(Short descriptive text snippets)
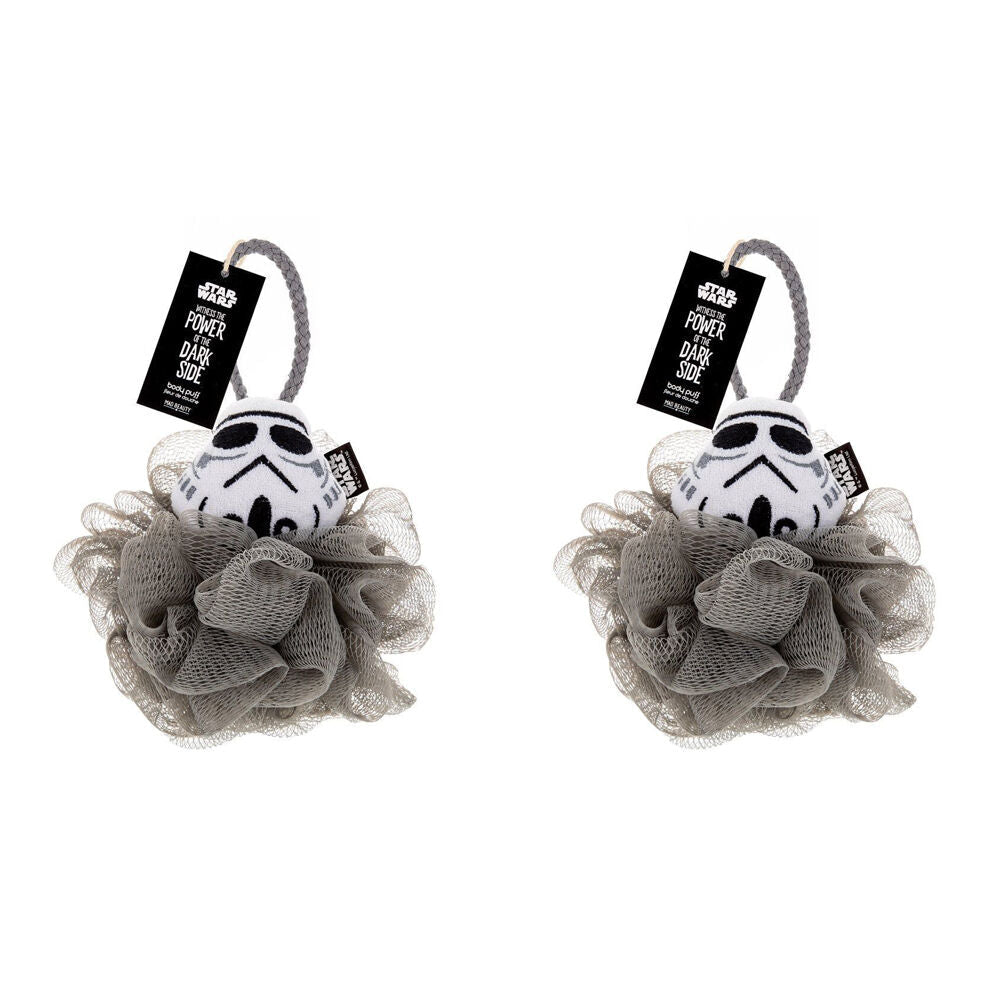 Star Wars Dark Side Storm Trooper Shower Loofah Body Cleansing Puff Grey (2 Pack)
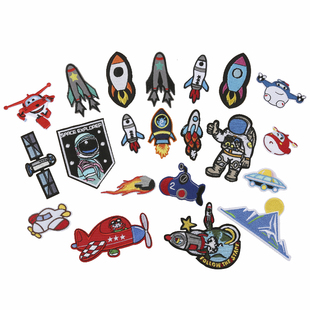 卡通宇宙飞船补丁贴书包刺绣贴儿童配件布贴衣服装饰超级飞侠diy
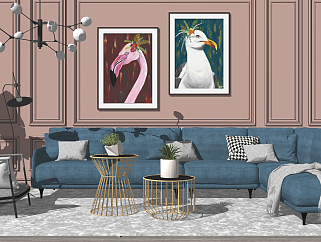 31北欧现代轻奢转角布艺沙发组合、吊灯、单椅、背景墙su草图模型下载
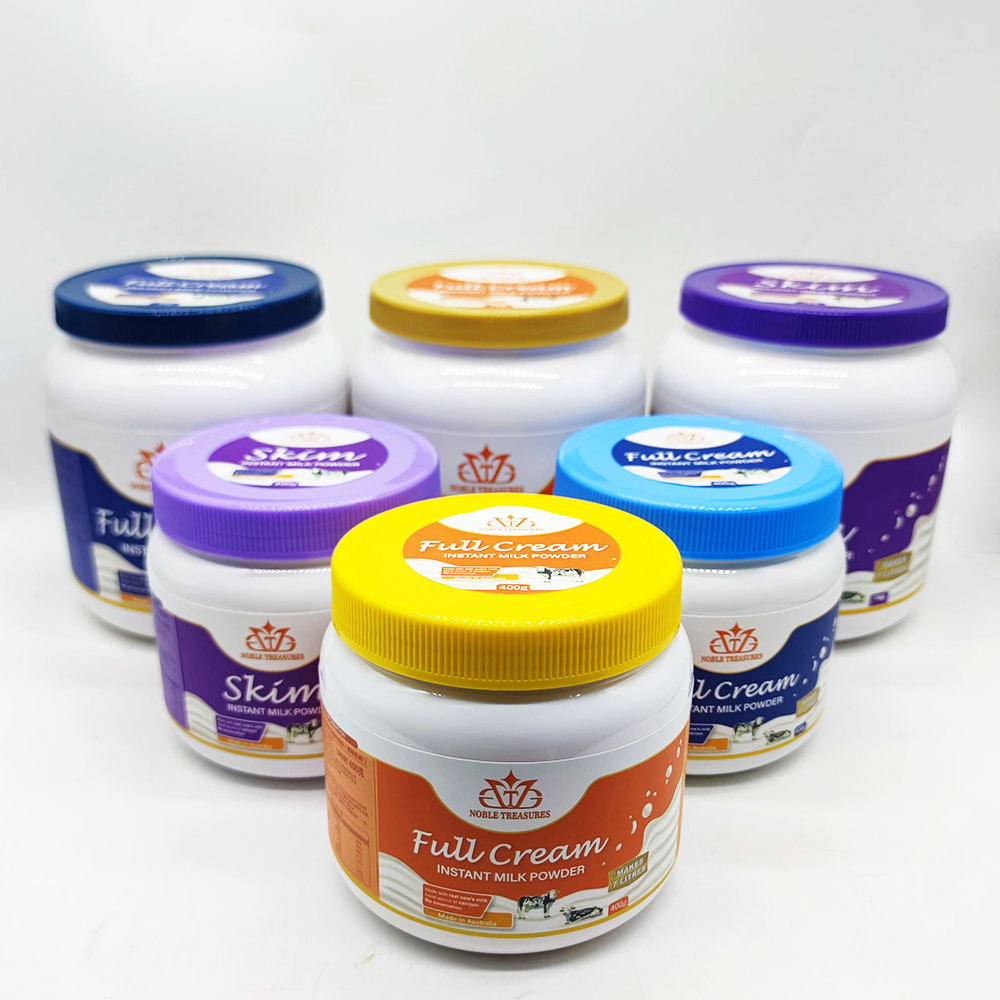 Широковолосая PET пластиковая пищевая порошок молока банка с крышками и этикеткой для сывороточного белка порошок упаковки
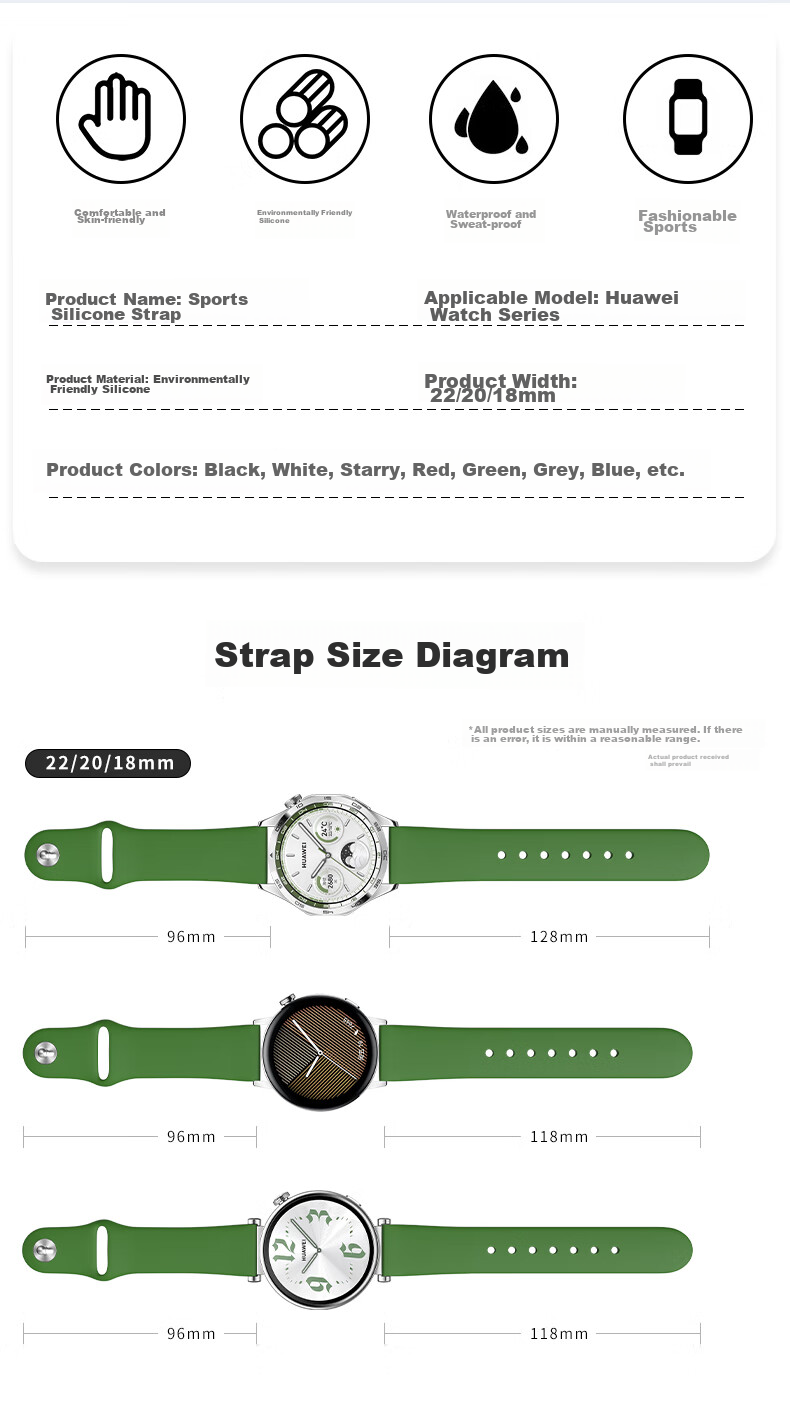 Weiqiantu Compatible with Huawei GT7/GT6/GT5/Pro Watch Bands, Watch6/Pro/watch5/watch4pro Watch Straps, Sports Silicone GT4/GT3/buds2 for Men And Wome 2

*Goal of the exercise*
Pictures are to be left out; the answer must otherwise be exactly the lines from the one with "Широковолосая PET пластиковая" through the final line of the entries above, both included.

*Answer to this task*
 Широковолосая PET пластиковая пищевая порошок молока банка с крышками и этикеткой для сывороточного белка порошок упаковки
 Weiqiantu Compatible with Huawei GT7/GT6/GT5/Pro Watch Bands, Watch6/Pro/watch5/watch4pro Watch Straps, Sports Silicone GT4/GT3/buds2 for Men And Wome 2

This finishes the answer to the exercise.